▶ Task statement: Output the lines from the one containing "One Piece Straw" through the last line of the material below, exactly; please do not include pictures.
BEGIN
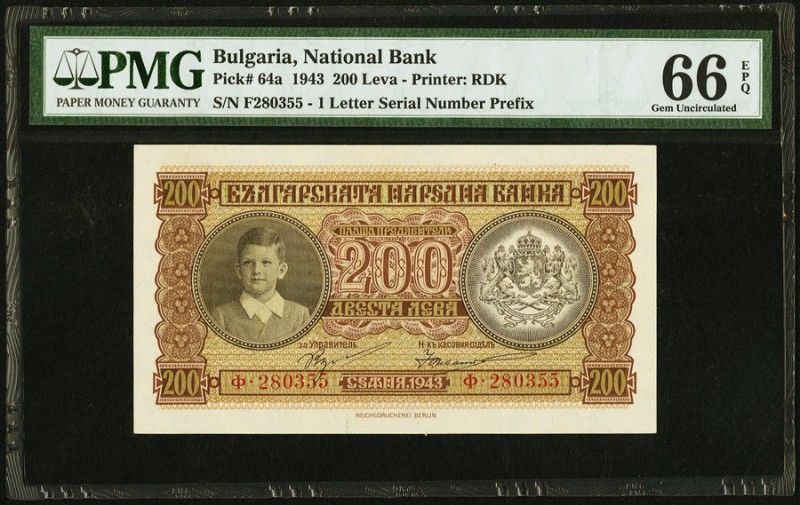 Bulgaria Bulgarian National Bank 200 Leva 1943 Pick 64a PMG Gem Uncirculated 66 ...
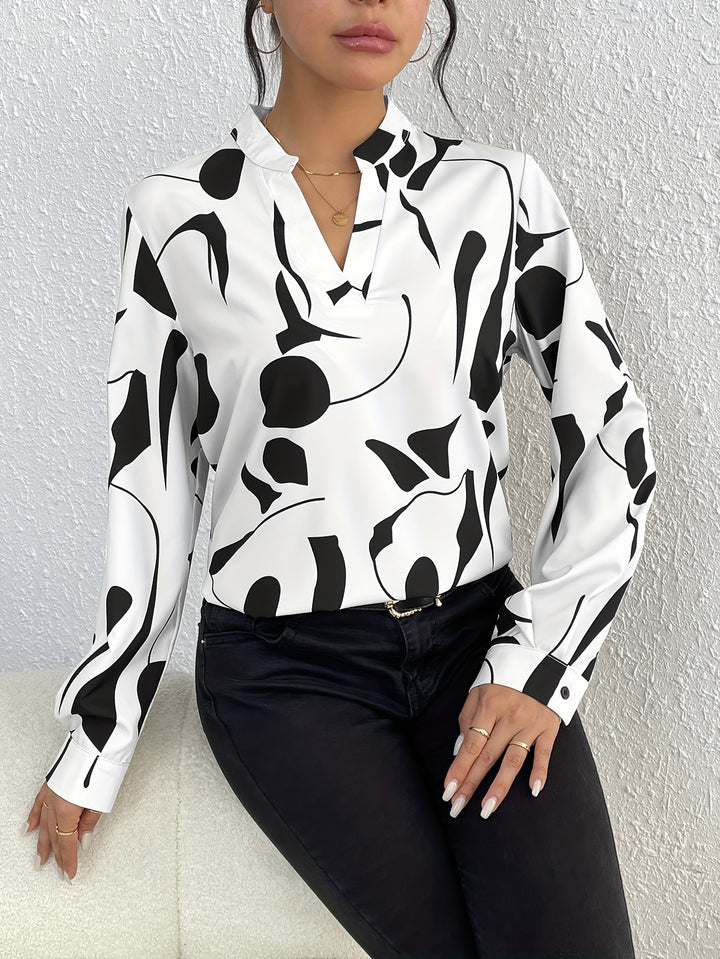 Lise | Dame Bluse Med V-Hals Og Grafisk Print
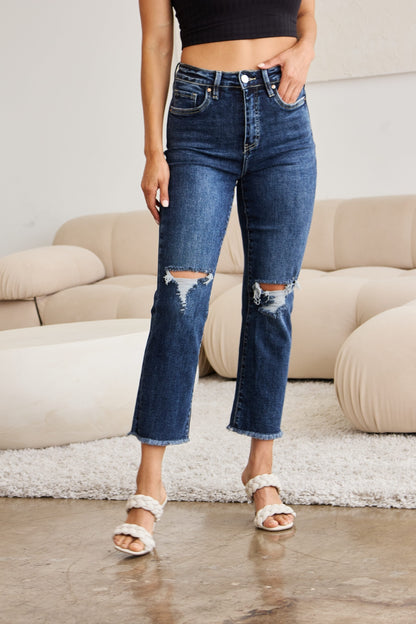 RFM Crop Dylan Full Size Tummy Control Distressed High Waist Raw Hem Jeans – Uneeque Designzz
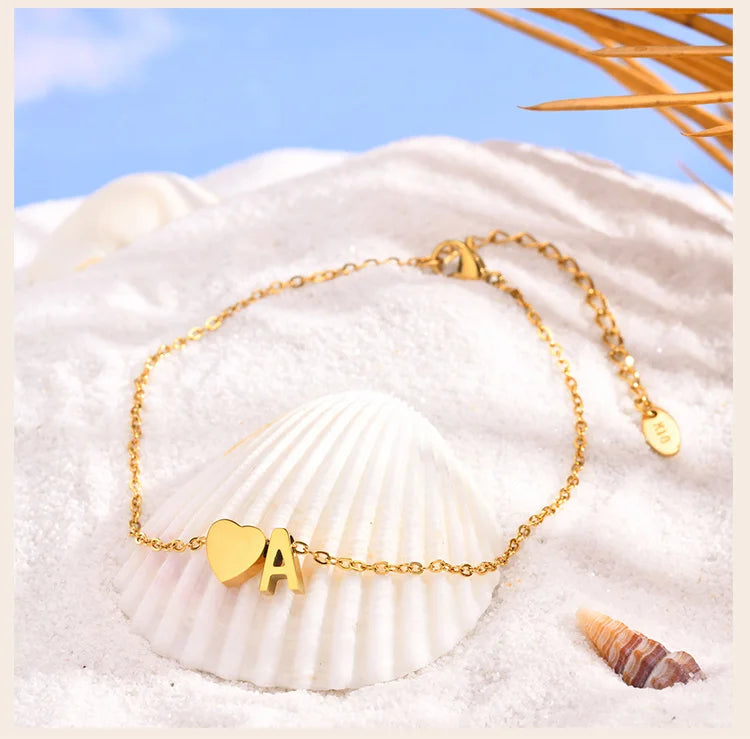 Heart Initial Anklet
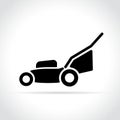 Lawn mower icon on white background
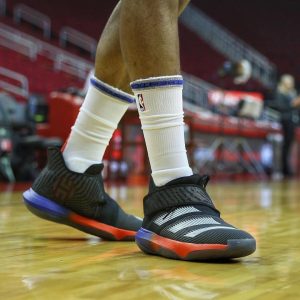 James Harden with the #KicksOnCourt debut of the adidas Harden B/E 3.
 @houstonr...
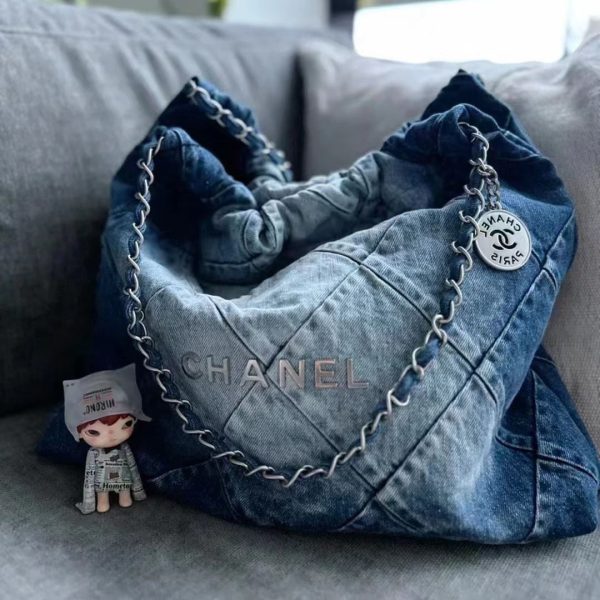 Chanel Denim Quilted Chanel 22 Blue - Image 2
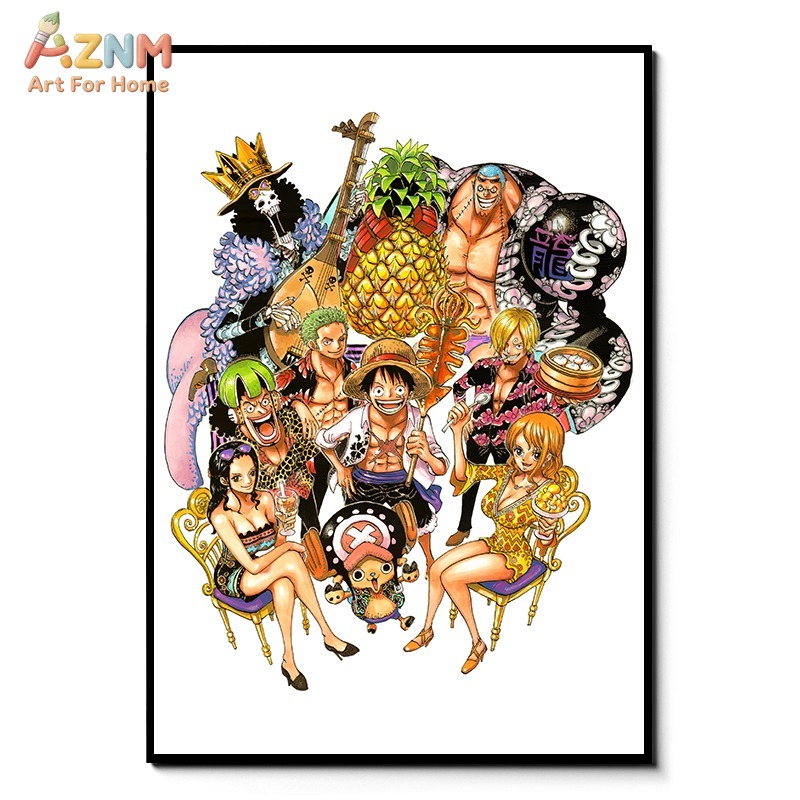 One Piece Straw Hat - AZNM วันพีซ หมวกฟางโจรสลัด ภาพพิมพ์แคนวาสแบบไม่มีกรอบ งานศิลปะอนิเมะสุดหรู สำหรับตกแต่งบ้าน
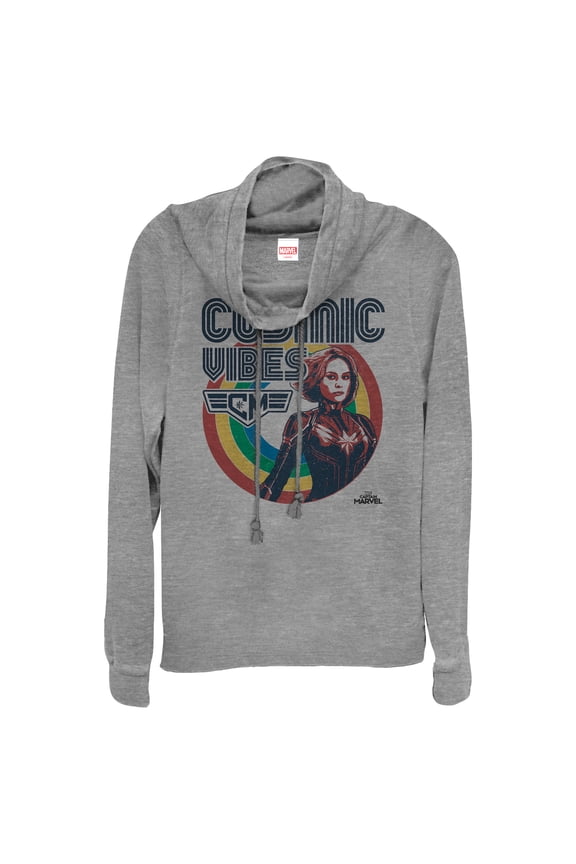 Junior's Marvel Captain Marvel Rainbow Cosmic Vibes Cowl Neck Sweatshirt Gray Heather Medium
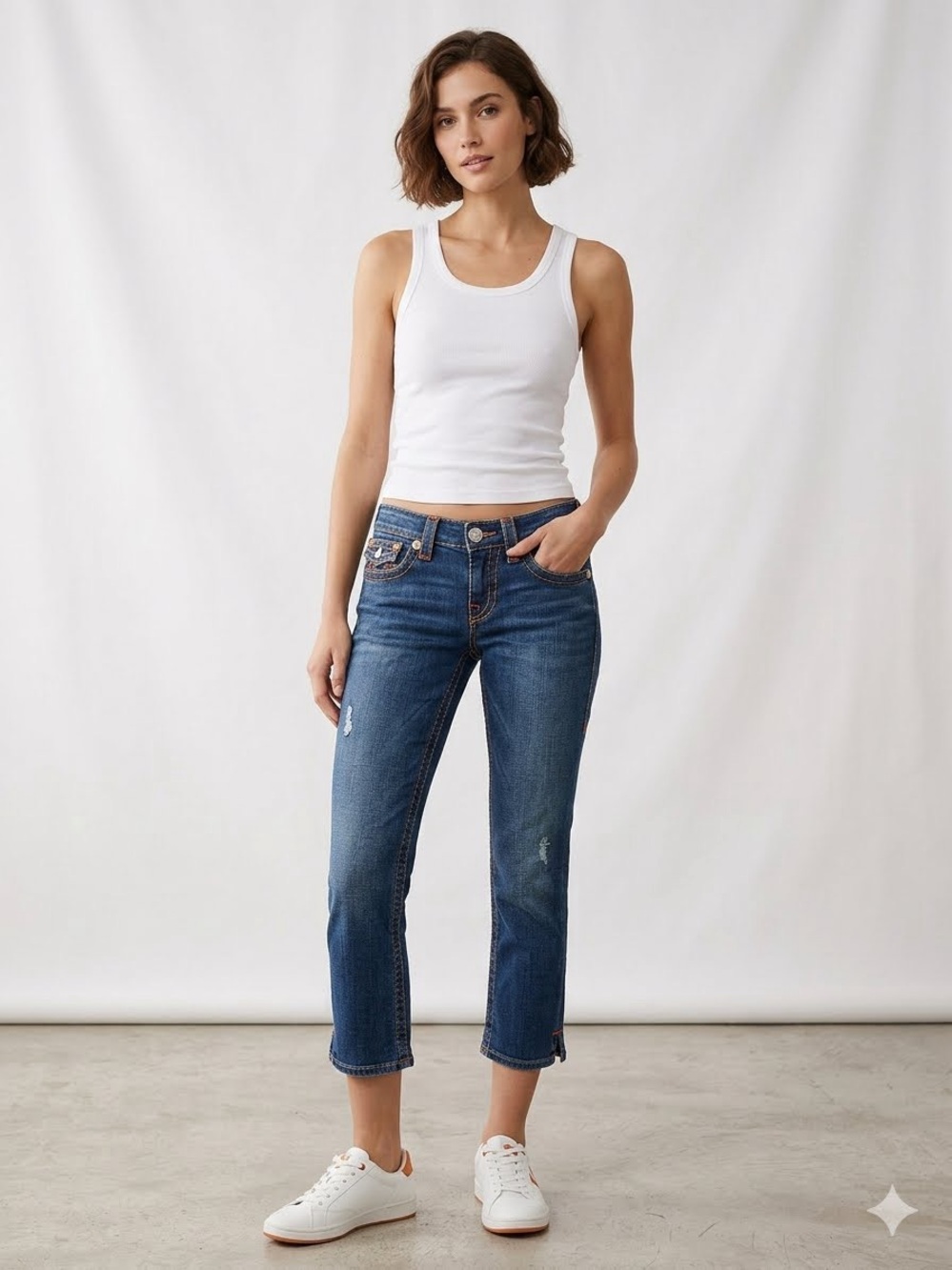True Religion Kate Distressed Capri Straight Leg Jeans Split Hem Dark Diamond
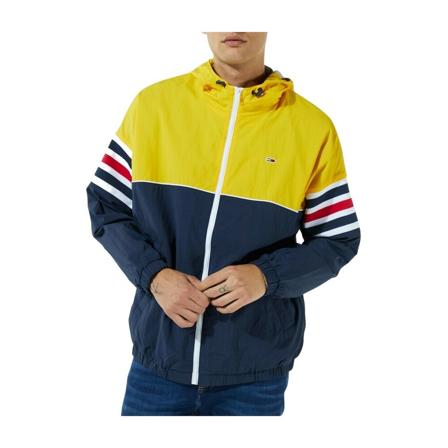 Tommy Jeans Colorblock Zip Thru Jacket , Geel , Heren , Maat: M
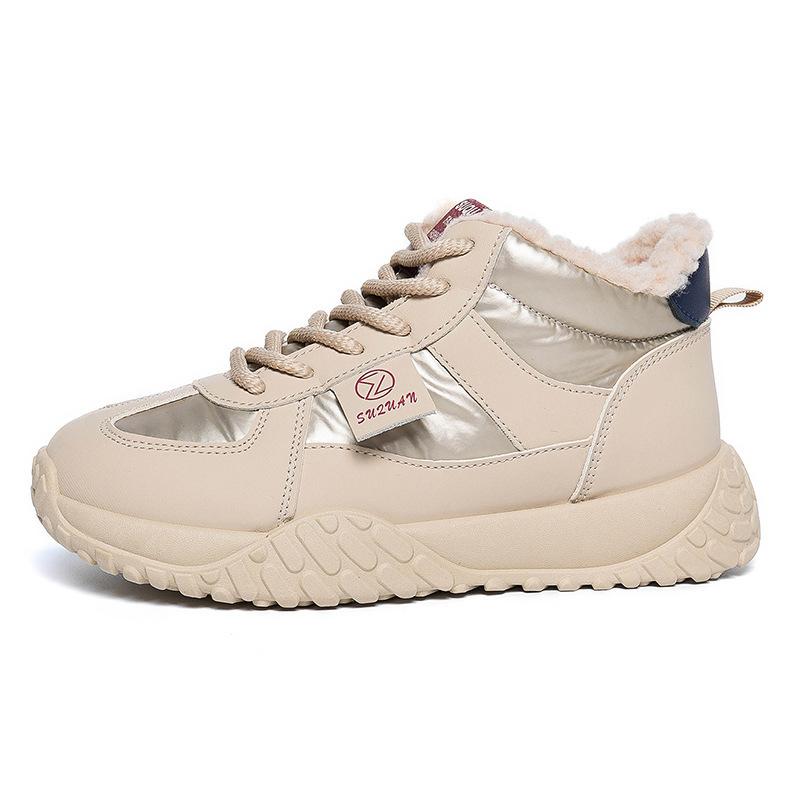 

K velvet thickened warm high-top shoes winter platform cotton shoes 40 хакі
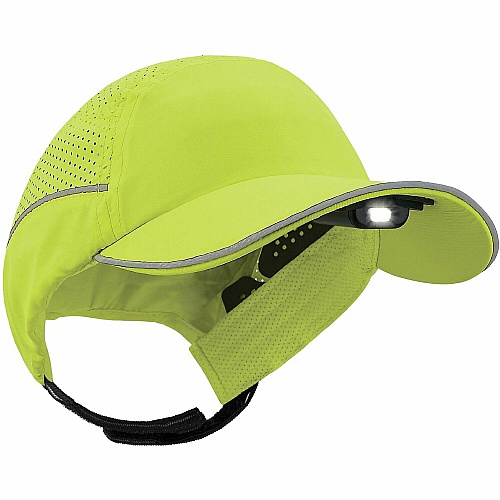Ergodyne Skullerz 8965F(x) Bump Cap Hat with LED Light Recommended for: Mechanic, Baggage Handling, Food Processing, Manufacturing, Inspection - Head, Heat Protection - Hook & Loop Closure - Polyethylene, Foam, Polyester Mesh - Lime - LED Light, R (23477)
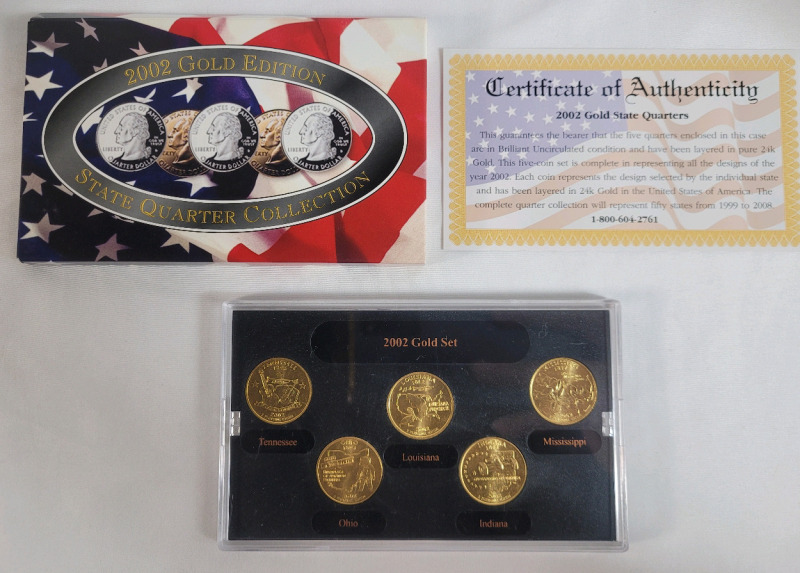 2002 USA Gold Edition Denver Mint State Quarter Set . Brilliant Uncirculated Condition in Case .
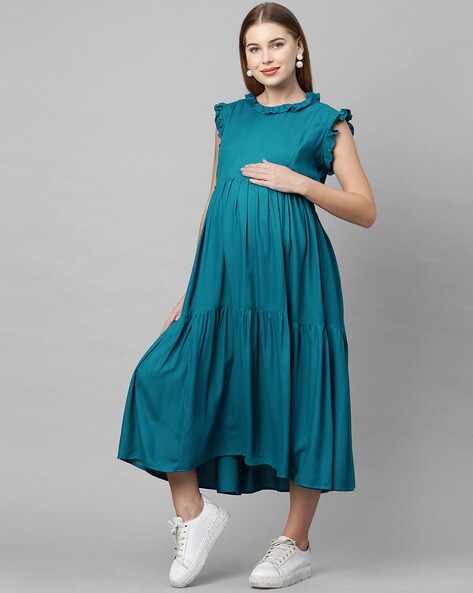 blue ruffle neck dress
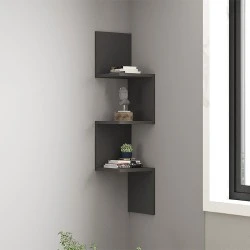 Zikzak Megapap melamine wall shelf in anthracite color 25x25x105.4cm. Zikzak Megapap melamine wall shelf in anthracite color 25x25x105.4cm.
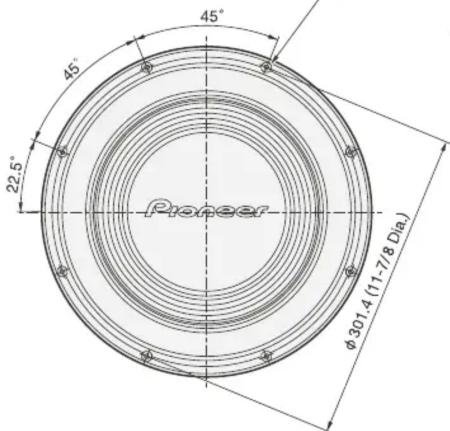 45° 46° 22.5° Pioneer Ø301.4 (11-78 Dia.)
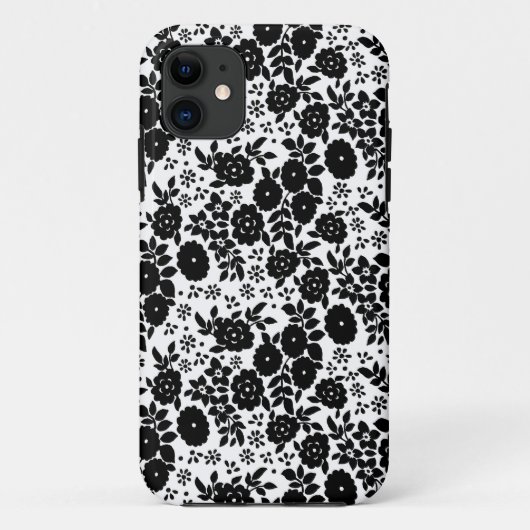 Flower Daisy  Zwart Patroon Case-Mate iPhone Case (Achterkant)
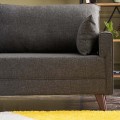 Bella Megapap fabric sofa three - seater in anthracite color 208x81x85cm.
END
▶ Result of this exercise:
 One Piece Straw Hat - AZNM วันพีซ หมวกฟางโจรสลัด ภาพพิมพ์แคนวาสแบบไม่มีกรอบ งานศิลปะอนิเมะสุดหรู สำหรับตกแต่งบ้าน
 Junior's Marvel Captain Marvel Rainbow Cosmic Vibes Cowl Neck Sweatshirt Gray Heather Medium
True Religion Kate Distressed Capri Straight Leg Jeans Split Hem Dark Diamond
 Tommy Jeans Colorblock Zip Thru Jacket , Geel , Heren , Maat: M

K velvet thickened warm high-top shoes winter platform cotton shoes 40 хакі
Ergodyne Skullerz 8965F(x) Bump Cap Hat with LED Light Recommended for: Mechanic, Baggage Handling, Food Processing, Manufacturing, Inspection - Head, Heat Protection - Hook & Loop Closure - Polyethylene, Foam, Polyester Mesh - Lime - LED Light, R (23477)
 2002 USA Gold Edition Denver Mint State Quarter Set . Brilliant Uncirculated Condition in Case .
 blue ruffle neck dress
 Zikzak Megapap melamine wall shelf in anthracite color 25x25x105.4cm. Zikzak Megapap melamine wall shelf in anthracite color 25x25x105.4cm.
 45° 46° 22.5° Pioneer Ø301.4 (11-78 Dia.)
 Flower Daisy  Zwart Patroon Case-Mate iPhone Case (Achterkant)
 Bella Megapap fabric sofa three - seater in anthracite color 208x81x85cm.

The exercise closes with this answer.